Forest Inspection Dataset for Aerial Semantic Segmentation and Depth Estimation
Bianca-Cerasela-Zelia Blaga, Sergiu Nedevschi
TL;DR
This work addresses the lack of large, annotated forestry data for UAV-driven semantic segmentation and depth estimation by introducing the Forest Inspection Dataset, which blends real WildUAV imagery with a synthetic AirSim-based forest collection containing dense semantic labels and depth. It benchmarks two multi-scale architectures, HRNet and PointFlow, and demonstrates that training on a diverse, multi-condition dataset plus synthetic pretraining yields better generalization and boundary accuracy, with transfer learning effectively bridging the synthetic-real gap.
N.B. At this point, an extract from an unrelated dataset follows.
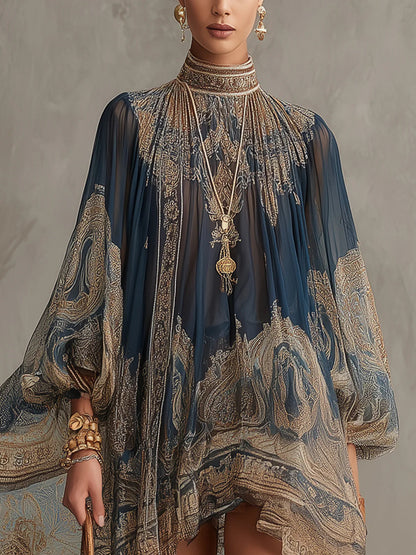 Emma - Abito mini in chiffon blu navy con stampa barocca e collo alto dal taglio irregolare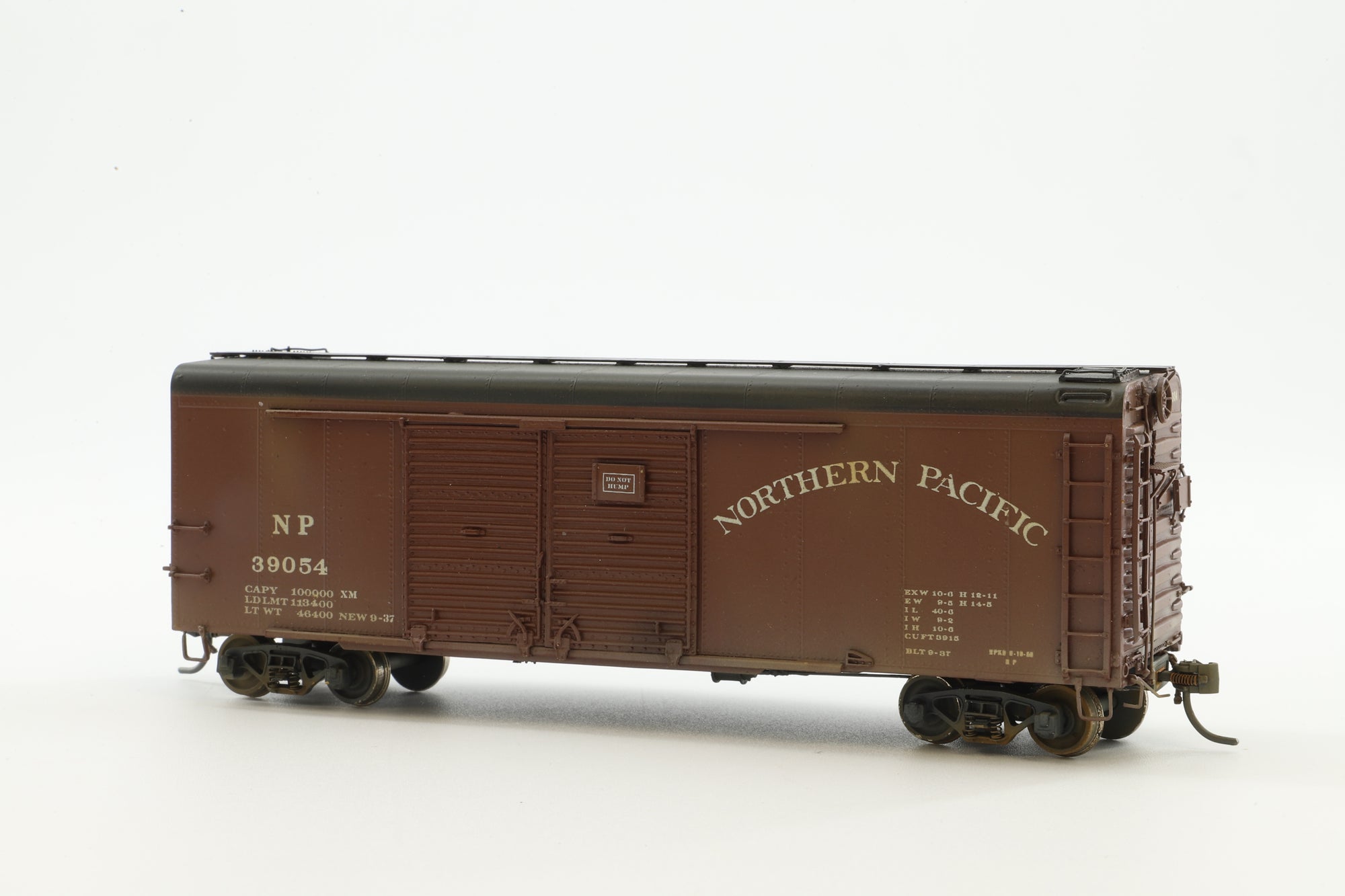 W&R Enterprises HO Brass 3235 Box Car Auto NP 40' Round Roof 39054' Weathered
A deforestation assessment framework is developed by constructing semantically labeled 3D point clouds and quantifying healthy versus deforested areas over time, highlighting practical applications in forest monitoring and autonomous navigation. The dataset and findings advance forest surveillance capabilities and provide a foundation for integrating depth information into aerial scene understanding.
Abstract
Humans use UAVs to monitor changes in forest environments since they are lightweight and provide a large variety of surveillance data. However, their information does not present enough details for understanding the scene which is needed to assess the degree of deforestation. Deep learning algorithms must be trained on large amounts of data to output accurate interpretations, but ground truth recordings of annotated forest imagery are not available. To solve this problem, we introduce a new large aerial dataset for forest inspection which contains both real-world and virtual recordings of natural environments, with densely annotated semantic segmentation labels and depth maps, taken in different illumination conditions, at various altitudes and recording angles. We test the performance of two multi-scale neural networks for solving the semantic segmentation task (HRNet and PointFlow network), studying the impact of the various acquisition conditions and the capabilities of transfer learning from virtual to real data. Our results showcase that the best results are obtained when the training is done on a dataset containing a large variety of scenarios, rather than separating the data into specific categories. We also develop a framework to assess the deforestation degree of an area.